--- Information provided ---

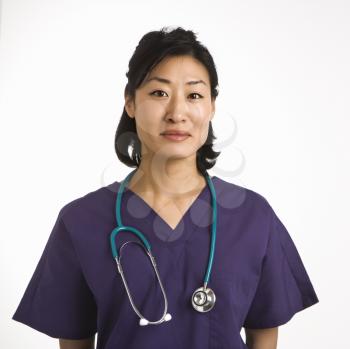 Asian woman doctor head and shoulder portrait against white background.
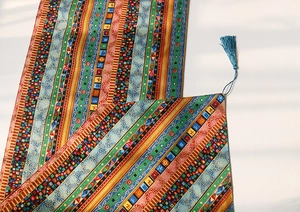Close-up of bohemian table runner with colorful geometric patterns and blue silk tassels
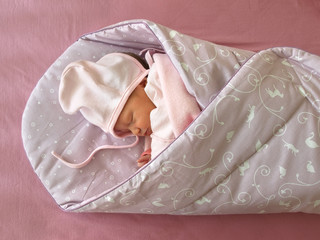 Sleeping newborn in the Swaddle Wrap Blanket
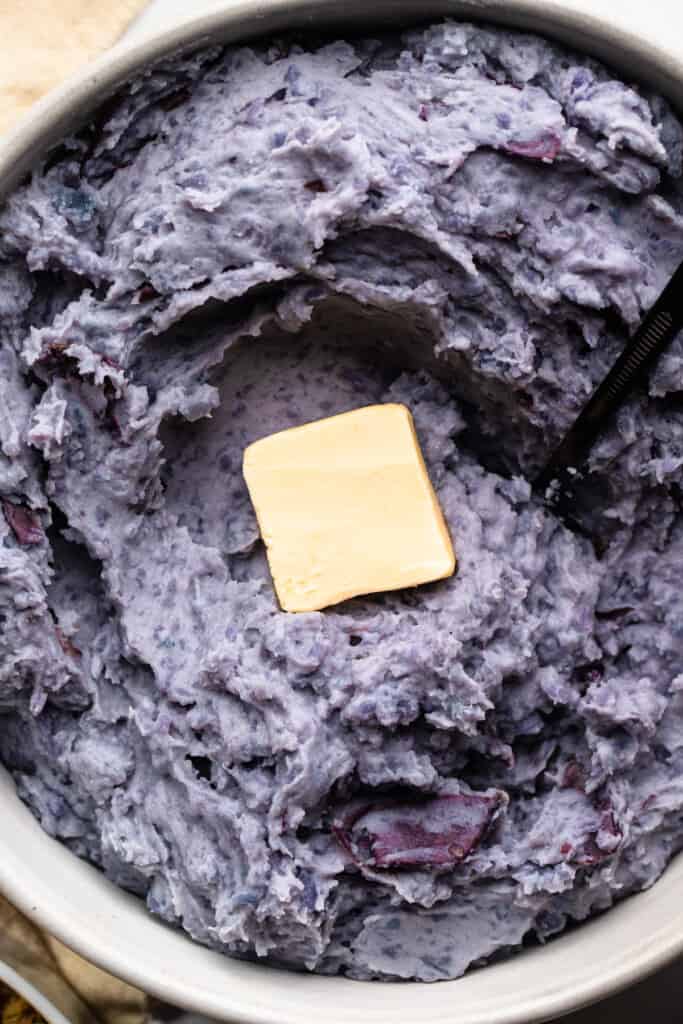 a bowl full of Purple Mashed Potatoes with butter on top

---

### Task details
Everything from the line containing "Sleeping newborn in the Swaddle Wrap Blanket" through the end of the data should be printed exactly, line for line, except the pictures.

### Response
 Sleeping newborn in the Swaddle Wrap Blanket
 a bowl full of Purple Mashed Potatoes with butter on top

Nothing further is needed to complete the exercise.